* **DATA FOR PROCESSING**:
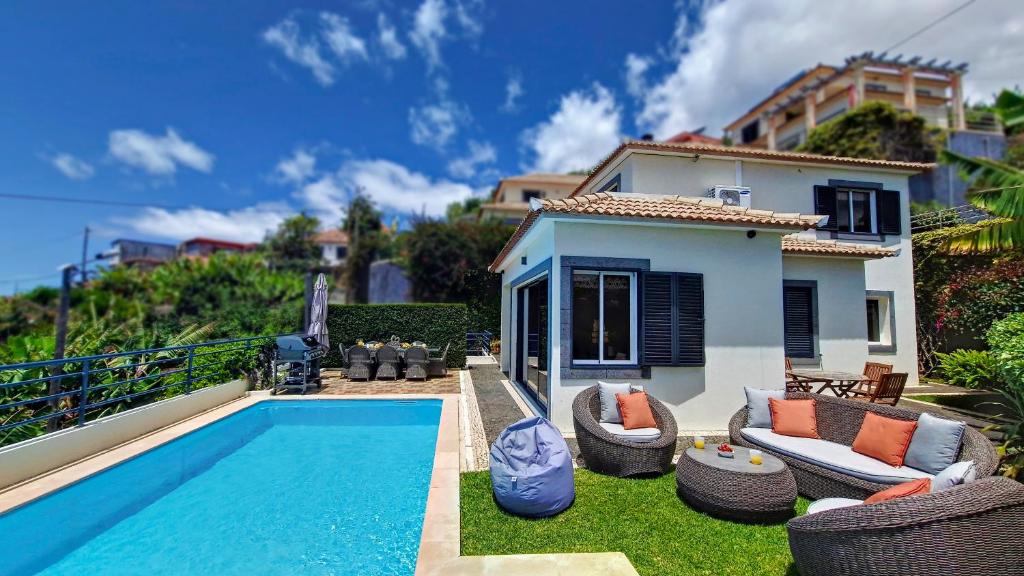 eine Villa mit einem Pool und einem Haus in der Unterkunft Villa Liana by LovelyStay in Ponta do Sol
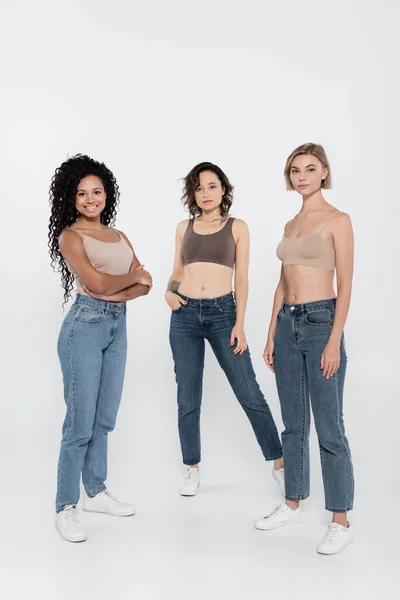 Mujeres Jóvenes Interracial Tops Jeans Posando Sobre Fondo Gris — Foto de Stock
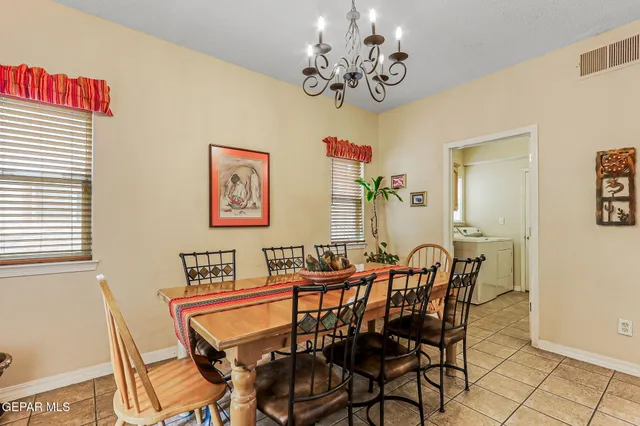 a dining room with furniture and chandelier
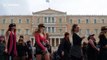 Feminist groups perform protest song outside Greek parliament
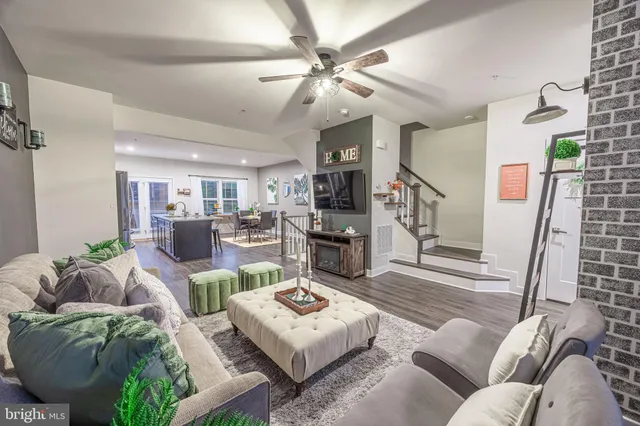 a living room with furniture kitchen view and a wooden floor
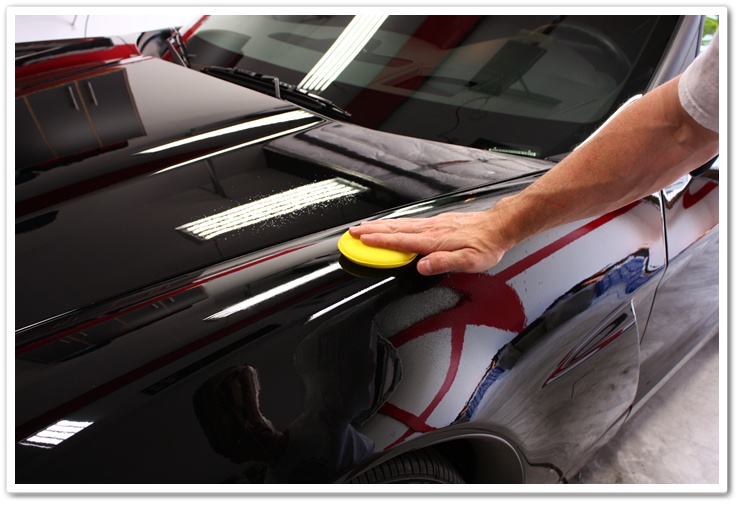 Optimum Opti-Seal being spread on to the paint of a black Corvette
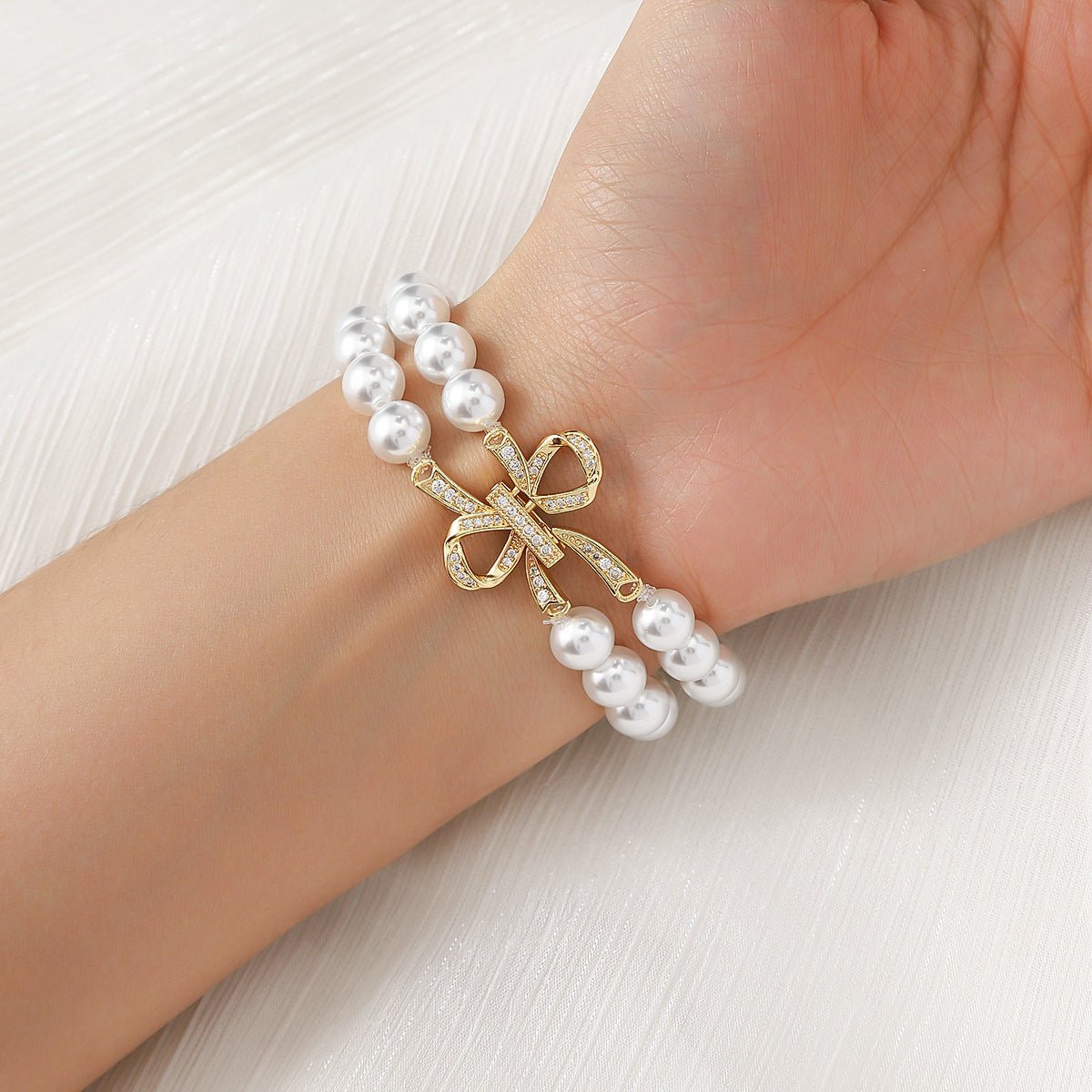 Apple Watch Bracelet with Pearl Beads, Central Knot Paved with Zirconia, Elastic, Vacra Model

* **EXERCISE BRIEF**: Copy out exactly, without any pictures, the lines above that begin at the one with "a living room" and end at the last line of the listing.

* **RESULT**:
 a living room with furniture kitchen view and a wooden floor
 Optimum Opti-Seal being spread on to the paint of a black Corvette
 Apple Watch Bracelet with Pearl Beads, Central Knot Paved with Zirconia, Elastic, Vacra Model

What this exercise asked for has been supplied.